So at the first look they me be faster than LALR parser contructed by the tools yacc or bison.

I wanted to know if the performance of packrat parsers is better/worse than the performance of LALR parser when tested with common input (like programming language source files) and not with any theoretical inputs.

Does anyone can explain the main differences between the two approaches.
Thanks!

+2  A: 

I'm not an expert at packrat parsing, but you can learn more at Wikipedia Parsing expression grammar.

I haven't dug into it so I'll assume the linear-time characterizatoin of packrat parsing is correct.

L(AL)R parsers are linear time parsers too. So in theory, neither packrat nor L(AL)R parsers are "faster".

What matters, in practice, of course, is implementation. L(AL)R state transitions can be executed in very few machine instructions ("look token code up in vector, get next state and action") so they can be extremely fast in practice. By "compiling" L(AL)R parsing to machine code, you can end up with lightning fast parsers, as shown by this 1986 Tom Pennello paper on Very Fast LR parsing. (Machines are now 20 years faster than when he wrote the paper!).

If packrat parsers are storing/caching results as they go, they may be linear time, but I'd guess the constant overhead would be pretty high, and then L(AL)R parsers in practice would be much faster. The YACC and Bison implementations from what I hear are pretty good.
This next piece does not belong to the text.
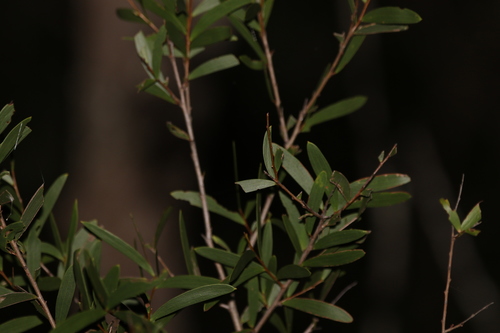 Image of Acacia excelsa by (c) Greg Tasney, some rights reserved (CC BY-SA)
If you care about the answer, read the basic technical papers closely; if you really care, then implement one of each and check out the overhead constants. My money is on L(AL)R.
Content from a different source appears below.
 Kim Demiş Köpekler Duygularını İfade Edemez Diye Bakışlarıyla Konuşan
An observation: most language front-ends don't spend most of their time "parsing"; rather, they spend a lot of time in lexical analysis. Optimize that (your bio says you are), and the parser speed won't matter much.

(I used to build LALR parser generators and corresponding parsers. I don't do that anymore; instead I use GLR parsers which are linear time in practice but handle arbitrary context-free grammmars. I give up some performance, but I can [and do, see bio] build dozens of parsers for many languages without a lot of trouble.).

Ira Baxter
It is possible to read the document (1986 Tom Pennello paper on Very Fast LR parsing) for free?
youllknow
Sure. Visit your local university's computer science library :-} I think the ACM will charge you only modest cost; IMHO its well worth it to make sure that ACM continues to make stuff like this available.